◆ Exercise brief
From the line with "Welcome to Linux" to the line with "Hi, and welcome", retype each line exactly as it stands in the records below, but skip the pictures.

◆ Recorded information
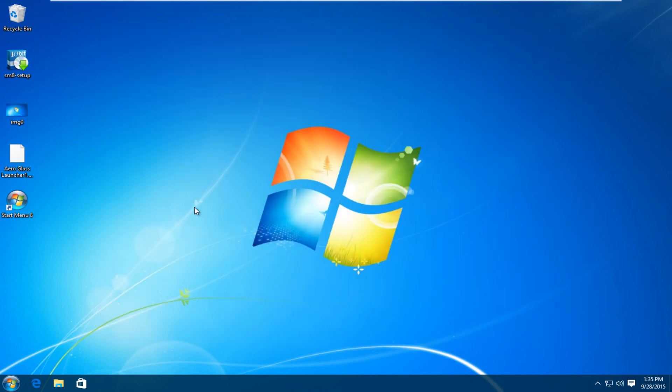So there we go, guys. Our computer resembles Windows 7 a lot more than it did when we started. There are other ways to make it a little bit more complex, however I'm just trying to keep it simple for the purpose of this tutorial. I hope this video helped you out and I will see you in the next tutorial. Goodbye.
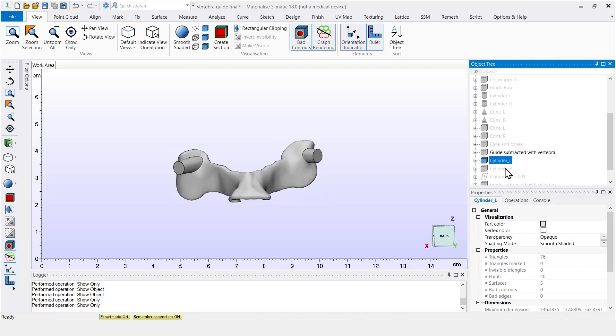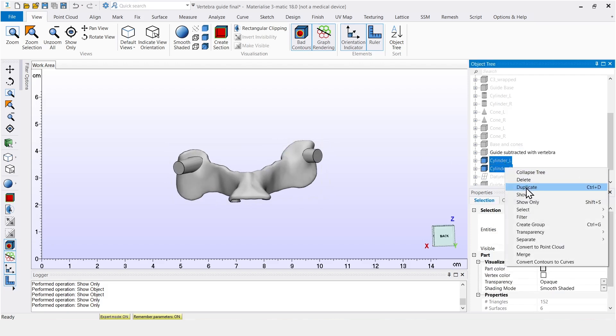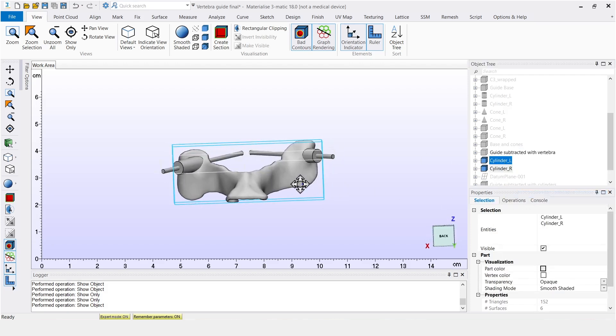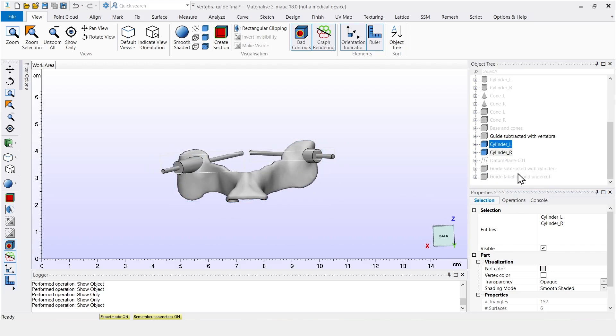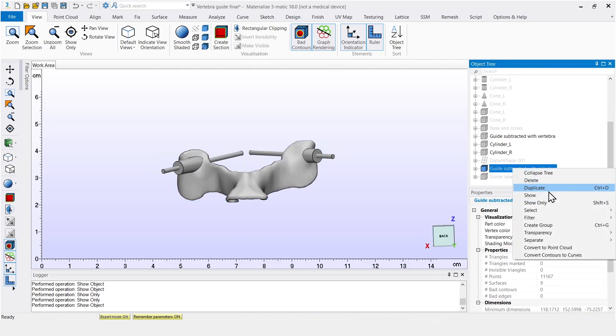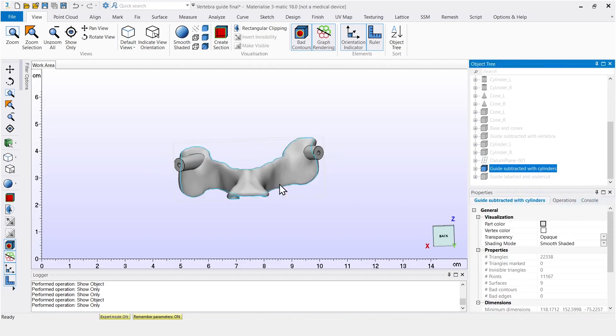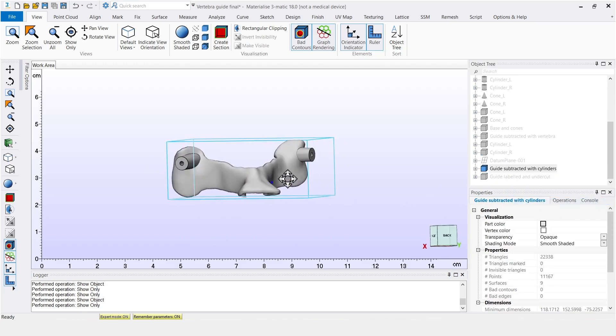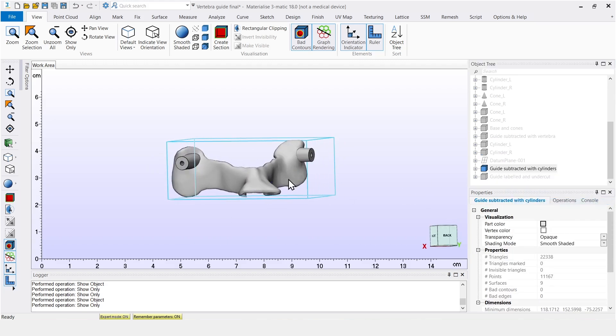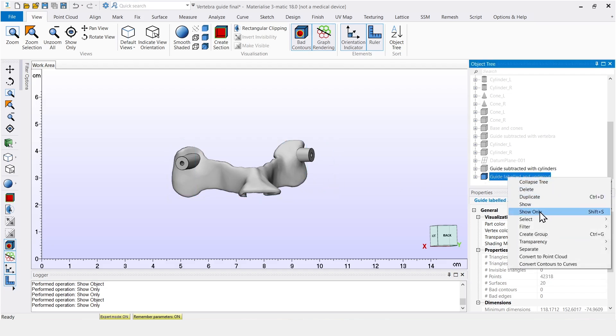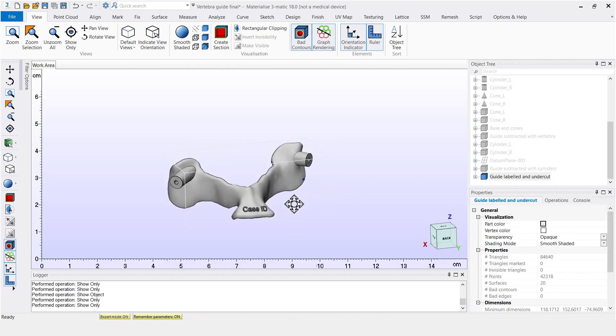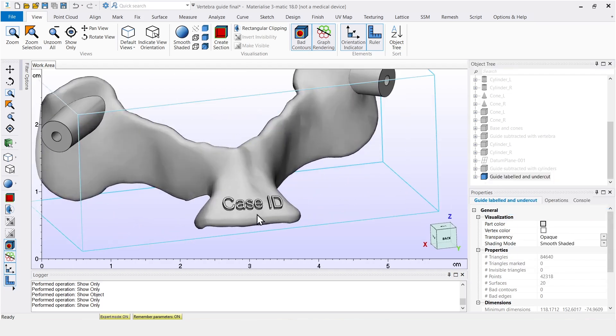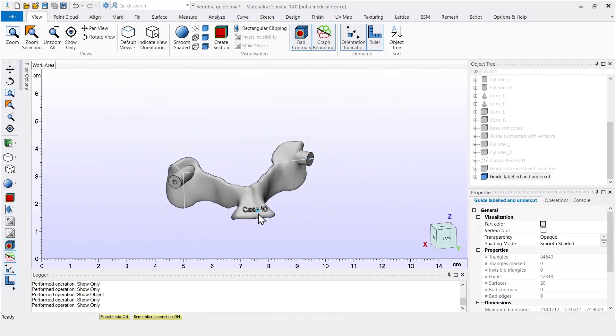After that, we can design smaller cylinders that can be used to make the holes inside the cones. And the guide really starts to take shape here. Though there are still a few small things that need to be done. We can add a label to it, which can be customized. Here I've just put case ID as an example.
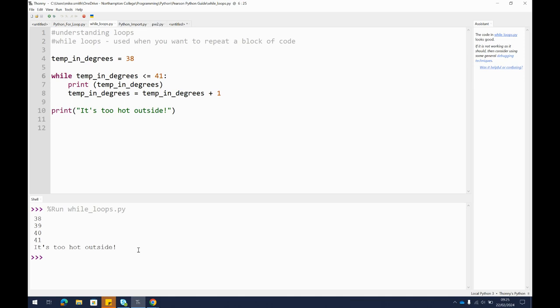So when you're writing programs, sometimes you'll need to build in something to be happening continuously until a condition is met, and that's what these while loops are for.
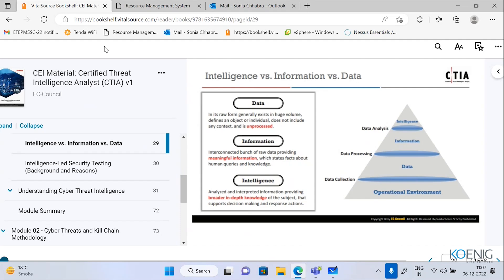When we talk about intelligence, we are going broader into that particular information. From the operational environment, I'm going to collect data first — that is data collection. From that data, I'm going to process it to get information. And when I do some analysis on that information, I go into the broader part of that information. Then I can say that will be your intelligence.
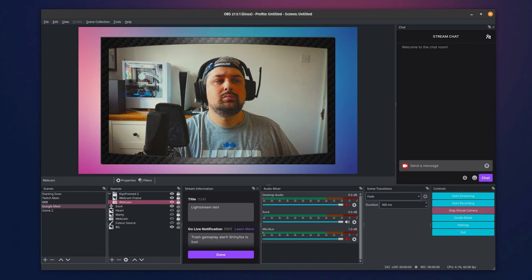Another feature of OBS is the virtual camera, which is where your computer will detect the output from OBS as a webcam, and you can then use that for things like video calls, which is quite useful.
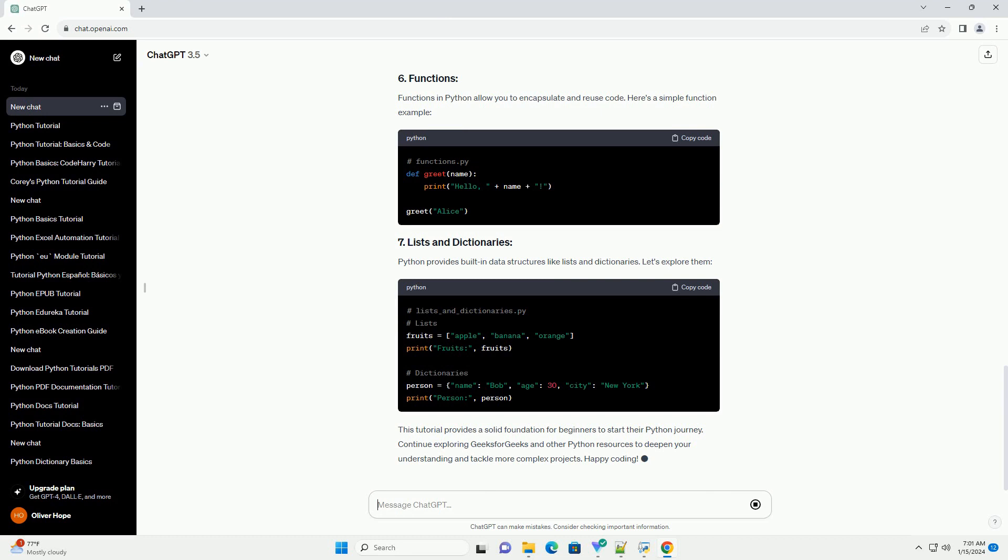Control flow statements allow you to make decisions in your code. Here's an example using if-else statements. Loops help you repeat tasks in your code. Let's look at examples of for and while loops.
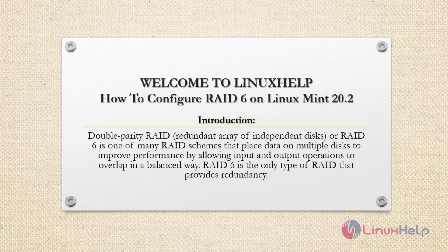Welcome to Linux Help. In this tutorial session we are going to see how to configure RAID 6 on Linux Mint 20.2. Double Parity RAID or RAID 6 is one of the main RAID schemes that place data on multiple disks to improve performance by allowing input and output operations to overlap in a balanced way. RAID 6 is the only type of RAID that provides redundancy.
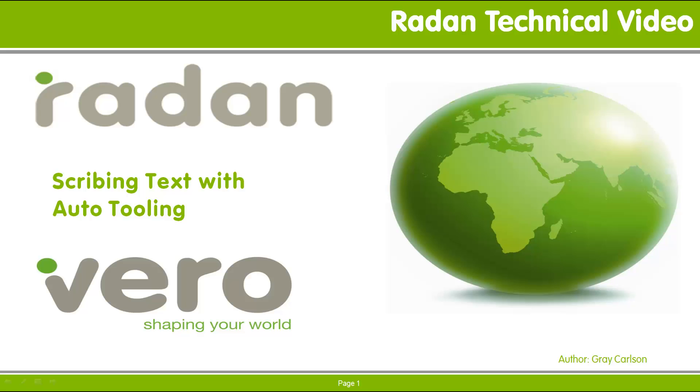Hi, and welcome to another Radan technical video. This tech video looks at the procedure for scribing or marking text on a part.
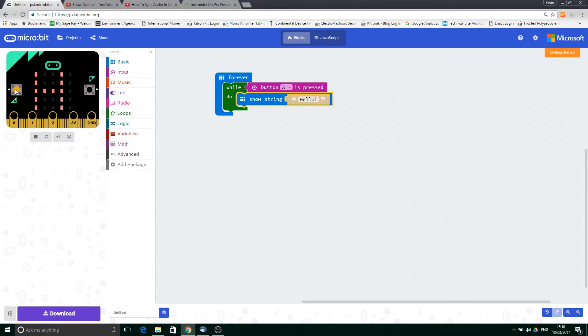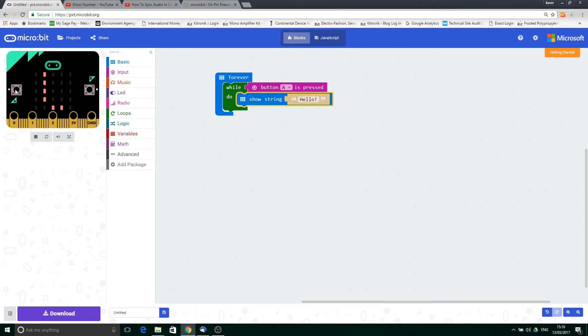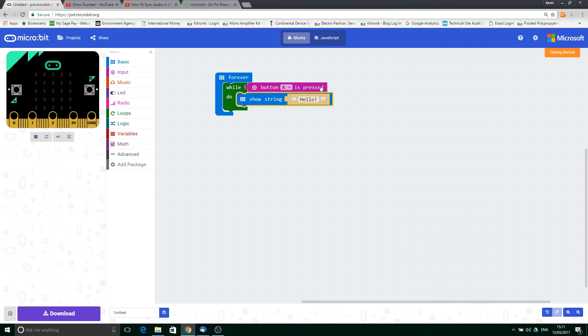If I press button A, it scrolls through the hello text, and it will continue to do that multiple times. If I now let go, when it's finished, it will stop and the display is now blank, so it's just executing that while this button is being pressed.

◆ Task answer
Welcome to Linux Help. In this tutorial session we are going to see how to configure RAID 6 on Linux Mint 20.2. Double Parity RAID or RAID 6 is one of the main RAID schemes that place data on multiple disks to improve performance by allowing input and output operations to overlap in a balanced way. RAID 6 is the only type of RAID that provides redundancy.
Hi, and welcome to another Radan technical video. This tech video looks at the procedure for scribing or marking text on a part.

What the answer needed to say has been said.